Using OCR to Extract Text from PDFs

Optical Character Recognition (OCR) transforms scanned documents and image-based PDFs into searchable, selectable text. StackBloom PDF Suite's built-in OCR engine handles everything from old printed contracts to photographed receipts.

Step 1: Upload a scanned document or image PDF

1

Open PDF Suite from the StackBloom sidebar and navigate to your project, or create a new one. Upload the scanned document or image-based PDF you want to process. The file will appear in your project as an unprocessed document.

  • Supported formats: PDF, JPG, PNG, TIFF, BMP, WebP
  • Image PDFs are PDFs where text is embedded as pictures — OCR makes them searchable
  • You can identify an image PDF by attempting to select text — if no text is selectable, it needs OCR
  • Multi-page documents are fully supported

Step 2: Click the OCR button in the toolbar

2

Open the document in the editor and click the OCR button in the top toolbar (it looks like a text cursor over a document icon). This opens the OCR configuration panel where you can customize the processing settings before starting.

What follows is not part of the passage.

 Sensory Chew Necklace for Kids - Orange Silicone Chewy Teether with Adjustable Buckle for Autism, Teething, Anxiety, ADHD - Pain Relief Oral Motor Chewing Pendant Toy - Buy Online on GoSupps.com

  • The OCR button is only active for documents that have not yet been processed
  • Previously OCR'd documents show a "Re-run OCR" option to update the text layer
  • OCR processing does not modify your original document file

Step 3: Select language and accuracy settings

3

Choose the language of the text in your document and the desired accuracy level. Setting the correct language significantly improves recognition quality, especially for documents with special characters or non-Latin scripts.

  • Over 100 languages are supported, including Latin, Cyrillic, Arabic, Chinese, and Japanese
  • Fast mode — quicker processing, suitable for clear, typed documents
  • Accurate mode — slower but better for handwriting or low-quality scans
  • Select multiple languages if the document contains text in more than one language

Step 4: Run OCR processing

4

Click Start OCR. A progress bar shows how many pages have been processed. Processing time depends on the number of pages and the selected accuracy mode — most documents complete within one to three minutes.

  • You'll receive an in-app notification when OCR finishes
  • Processing runs in the background so you can continue working
  • A page count and estimated time remaining are displayed during processing

Step 5: Review and copy the extracted text

5

Once complete, the PDF becomes fully searchable and the extracted text appears in the Text Layer panel on the right side of the editor. You can select, copy, and edit the recognized text directly.

  • Use Ctrl/Cmd+F to search the document for specific words or phrases
  • Click Export Text to download the extracted content as a .txt or .docx file
  • Confidence scores highlight low-certainty characters in yellow for easy review
  • Correct any recognition errors by clicking directly on the text in the layer panel

💡 Tip: Higher resolution scans produce more accurate OCR results. For best results, scan documents at 300 DPI or higher. If you're photographing a document with a phone, ensure good lighting and hold the camera directly above the page to avoid distortion.